Op de website van deze krant staat een oproep. Of je je wilt melden als je last hebt van huidhonger. Neem aan dat een Maaslandverslaggever je dan het hemd van het lijf komt vragen over die corona-gerelateerde aandoening.
Het duurde even voordat ik de link legde tussen dat vreemde woord en de ons vanwege het virus opgelegde isolatie. Noem me naïef, maar toen ik het woord voor het eerst las dacht ik aan mensen die letterlijk hun tanden niet van hun huid of die van een ander kunnen afhouden. Ik zag dunne reepjes vel langzaam losgetrokken worden van het lichaam en verdwijnen in een mond.
Een vreemde aandoening klopt. Maar mijn verbeelding is, al zeg ik het zelf, rijk ontwikkeld. Kan het me heel goed voorstellen. En mensen hébben ook van alles. Mijn dochter, psycholoog van beroep, verdient haar boterham met aandoeningen. Mensen met dwangneurosen, met de-realisatie, hybristofilie, claustrofobie of pleinvrees, het Alice in Wonderland Syndroom… alles komt aan haar loketje voorbij. Ooit vertelde ze over mevrouw X die nooit buiten kwam omdat ze emetofobie had: de angst om onverwacht te moeten braken. Zomaar, zonder aanleiding. Op de stoep, in de tram, op het werk. Dat gebeurde dan ook. Denk dat die mevrouw, als ze nóg last van die afwijking heeft, de verplichte corona-isolatie met gejuich heeft verwelkomd. En de trambestuurder vast ook.

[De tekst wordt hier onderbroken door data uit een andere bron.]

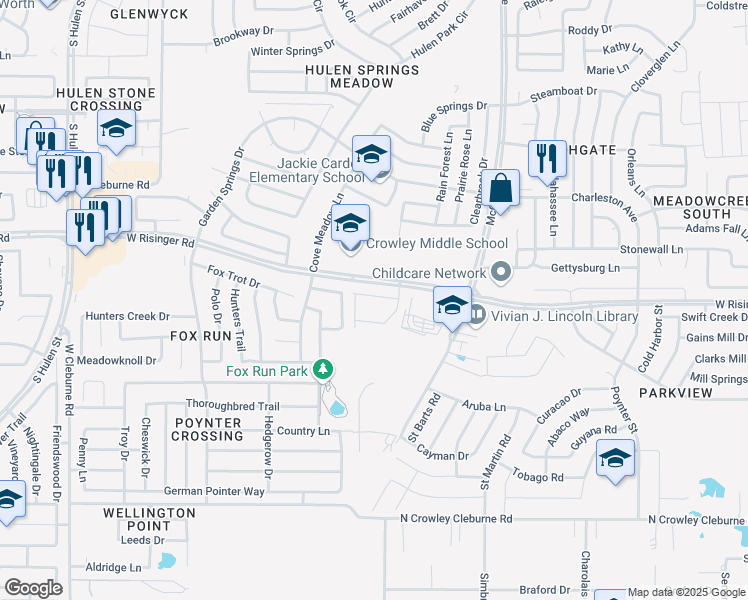 map of restaurants, bars, coffee shops, grocery stores, and more near 3601 West Risinger Road in Fort Worth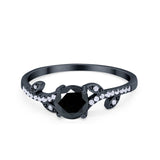 Floral Art Deco Wedding Engagement Bridal Ring Round Cubic Zirconia 925 Sterling Silver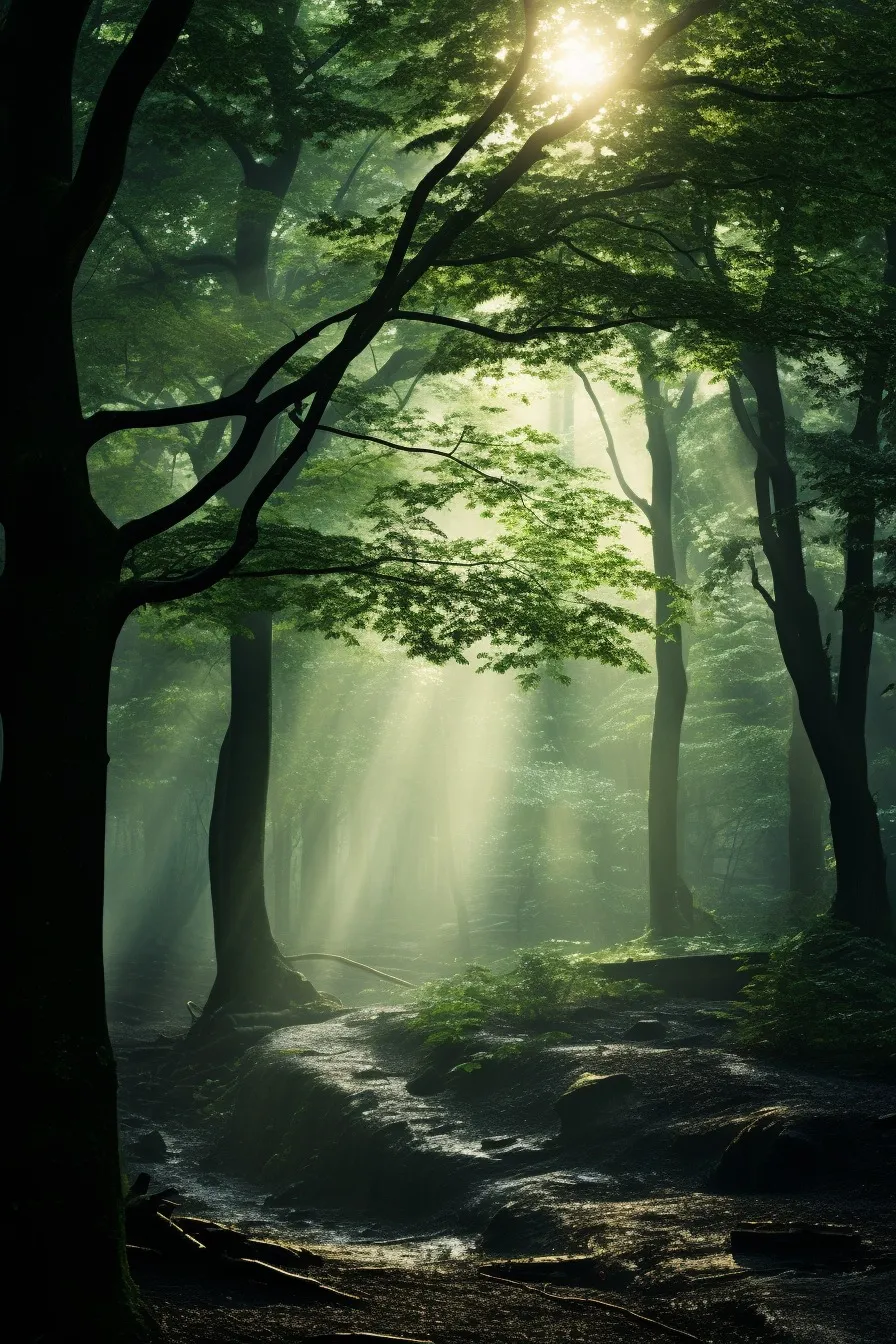 Misty primeval forest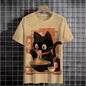 Japanese Ukiyo-E Cute Cat Pattern Round Neck Men's Short Sleeved Daily Oversized T-Shirt Harajuku Y2k T-Shirt T-Shirt Men Top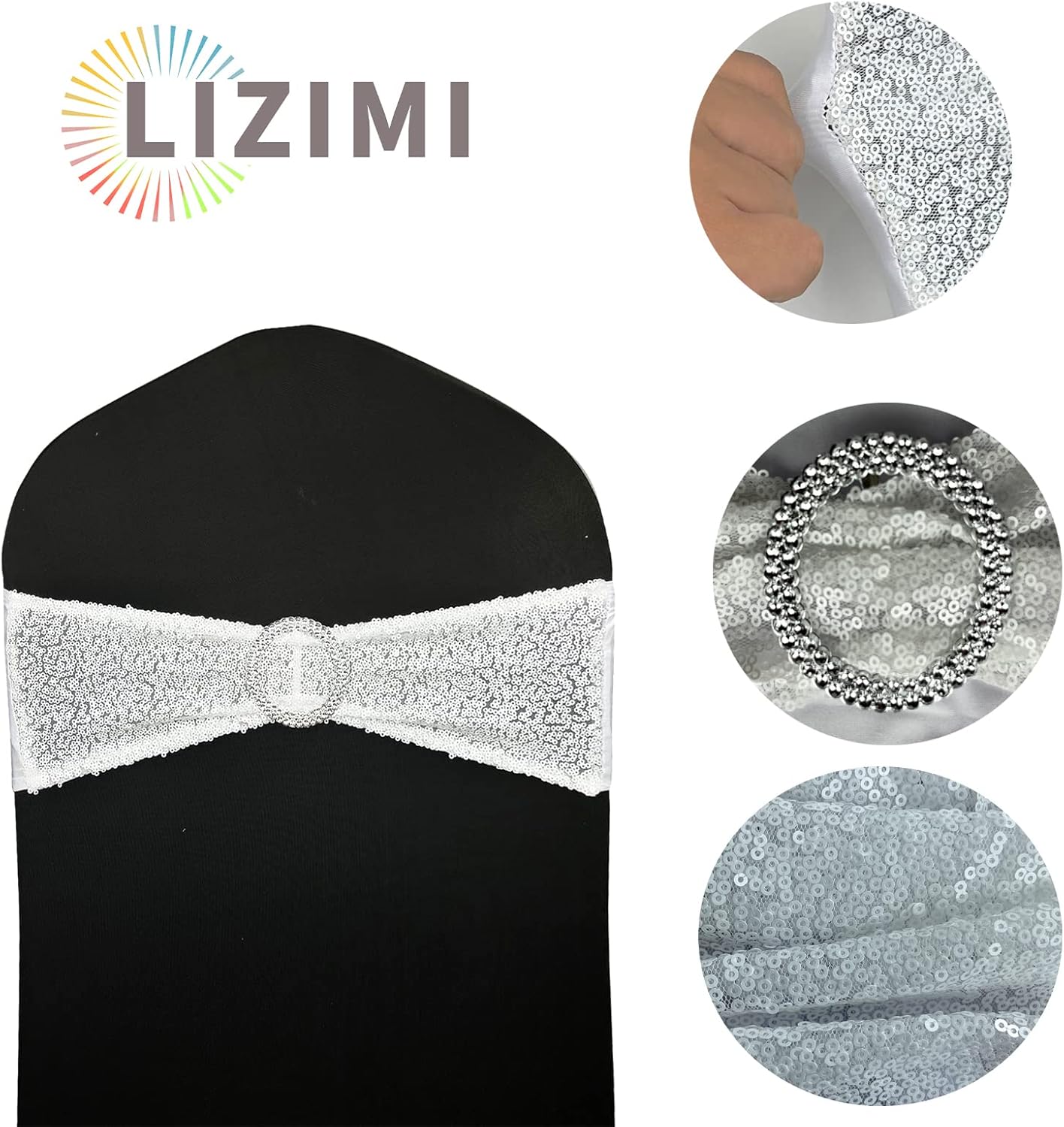 25 Pcs Sequin Chair Sashes Stretch Chair Bands Spandex Polyester Bows for Party Hotel Wedding Banquets Decoration - White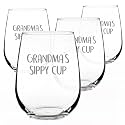 Grandma's Sippy Cup Wine Glass Birthday Gift for Grandma - 17 oz - Set of 4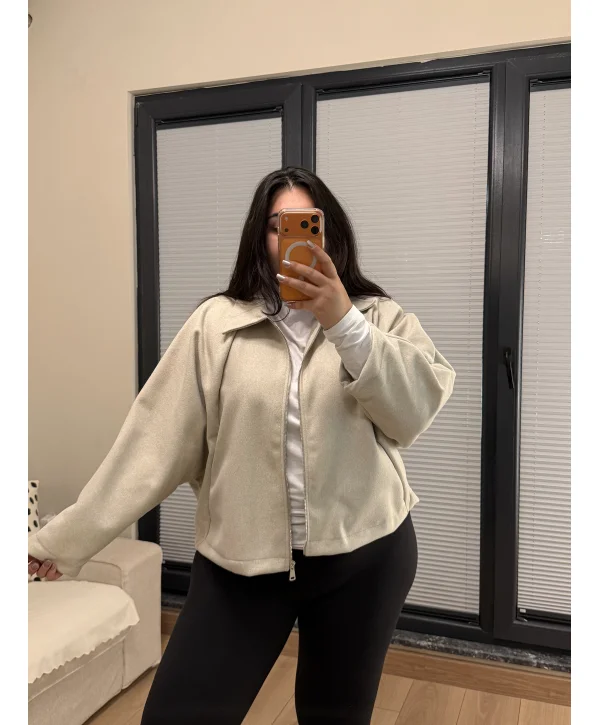 Oversize Kaşe Ceket - Ekru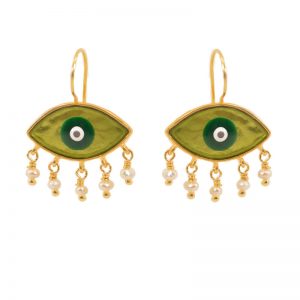 Evil Eye  gold plated silver  Earrings with enamel& beads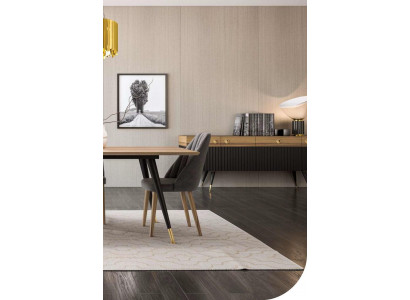 Chaise de cuisine en tissu gris de luxe avec douceur moyenne en bois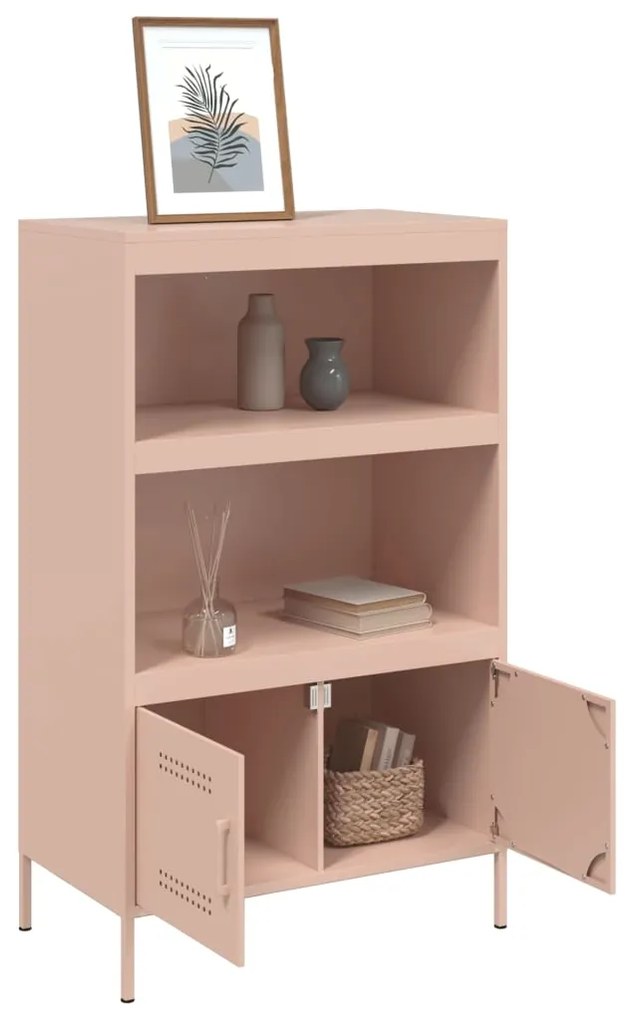 Aparador alto 68x39x113 cm aço rosa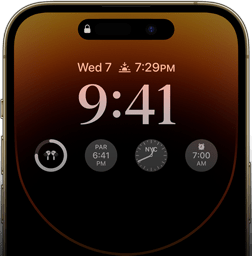 Pohled zepředu na iPhone 14 Pro a jeho stále zapnutý displej se zobrazeným časem, datem, čtyřmi widgety a dalšími prvky.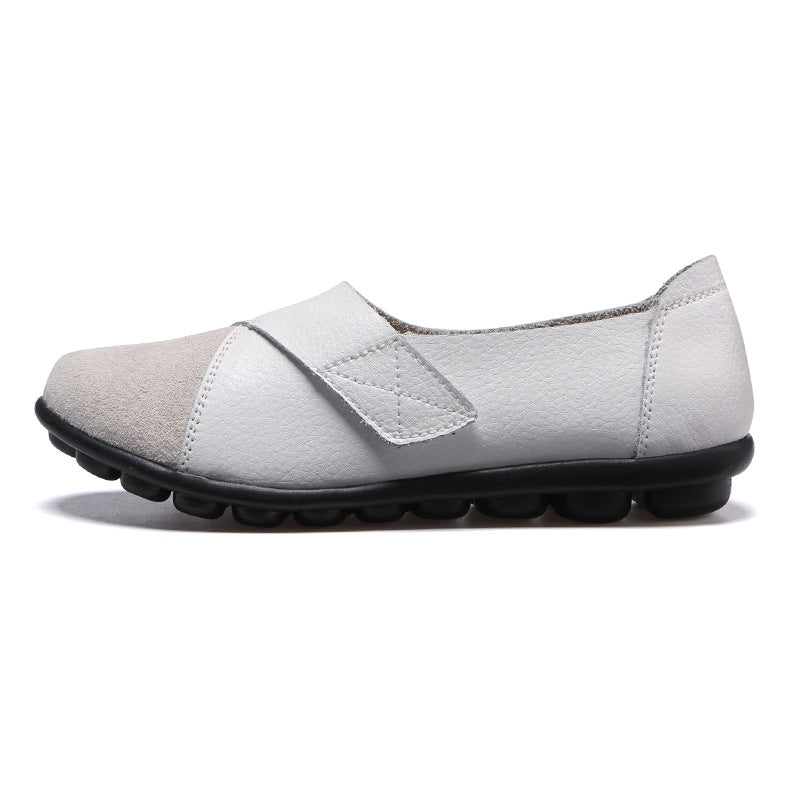 Schwarze rutschfeste Damen Loafers mit Klettverschluss, bequem für Alltag & Büro.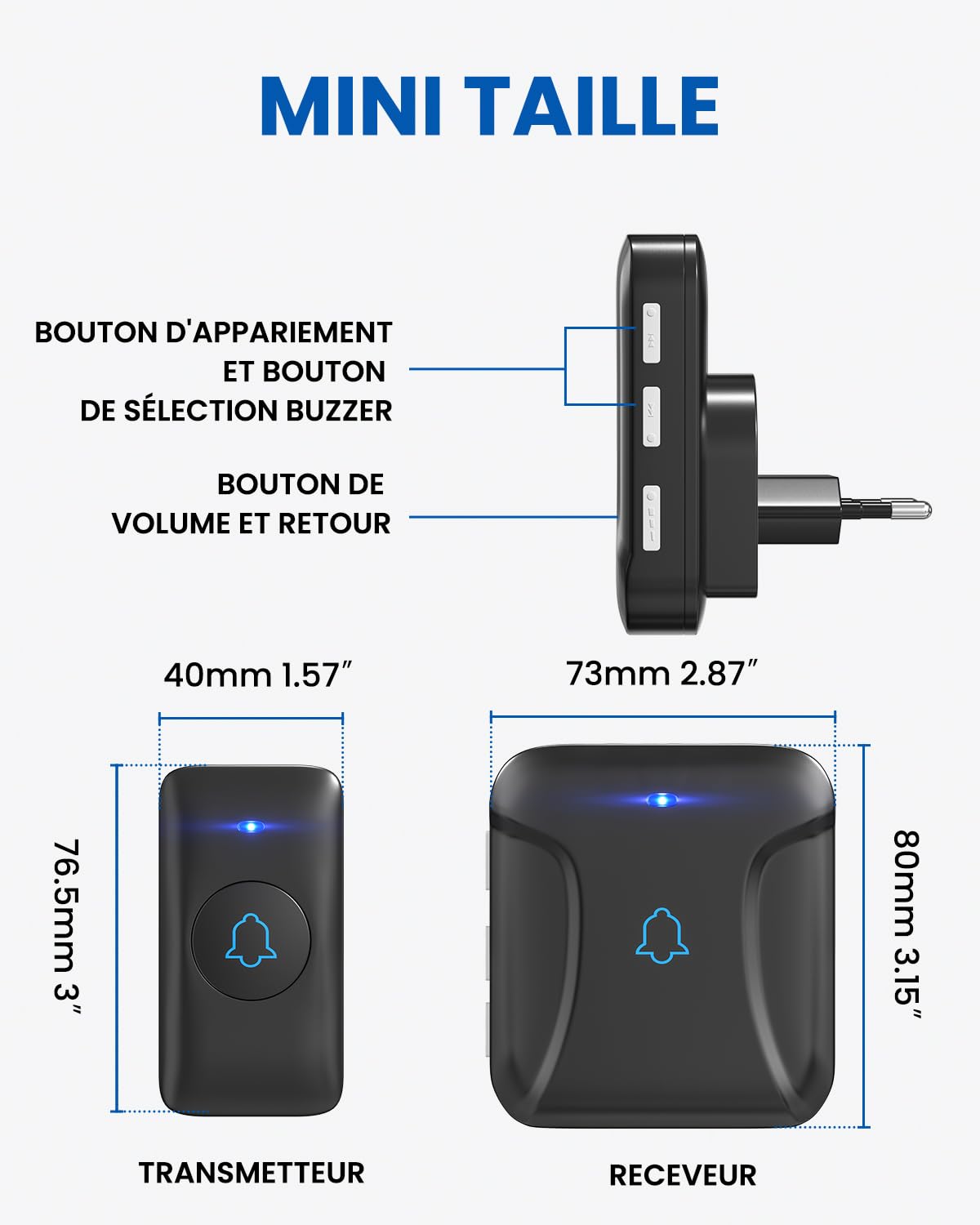 Sonnette Sans Fil, Kit Sonnette de Porte Sonnette Sans Fil Étanche IP55, Carillon de Porte Étanche à 150M Deux Emetteurs, avec 1 Récepteurs Enfichables, 40 Mélodies, 5 Niveaux de Volume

Goed, huidhonger dus. Geen (zelf-)kannibalisme, maar de behoefte om een ander weer eens te knuffelen. Of een hand te geven.
Als ik als kind tegen mijn moeder zei dat ik honger had, antwoordde ze altijd: ‘In Afrika, dáár hebben ze honger.’ Ik had hooguit trek, zei ze. Oké dan. Beetje huidtrek heb ik wel. Als ik aan mijn kleinkind denk.